BEGIN Supplied data
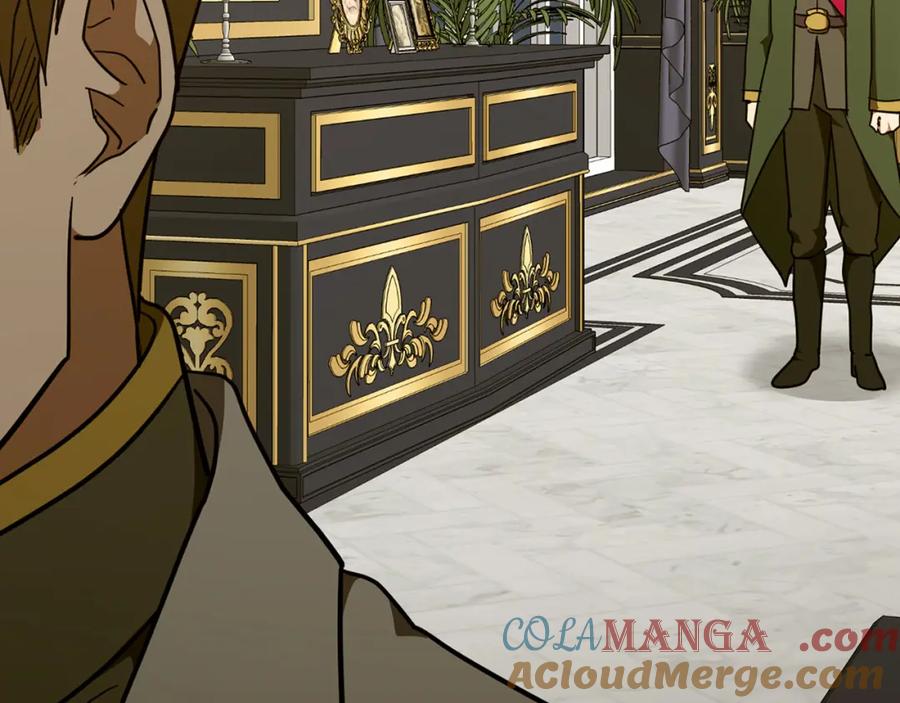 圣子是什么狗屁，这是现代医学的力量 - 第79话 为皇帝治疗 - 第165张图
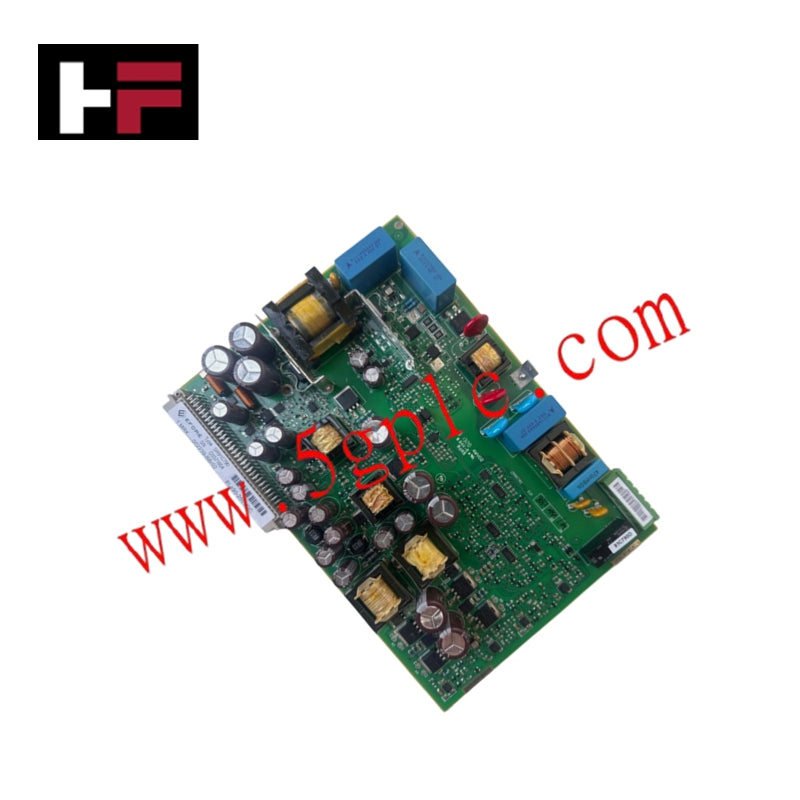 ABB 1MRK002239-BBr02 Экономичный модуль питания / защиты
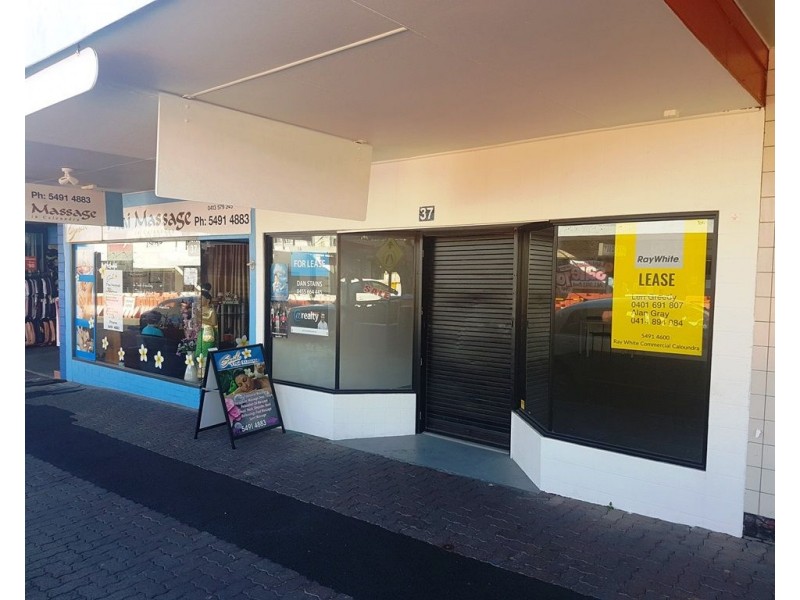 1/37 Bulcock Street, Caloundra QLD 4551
END Supplied data
Using the data above, write out every line exactly, leaving the images behind.

» **Reply**:
 圣子是什么狗屁，这是现代医学的力量 - 第79话 为皇帝治疗 - 第165张图
 ABB 1MRK002239-BBr02 Экономичный модуль питания / защиты
 1/37 Bulcock Street, Caloundra QLD 4551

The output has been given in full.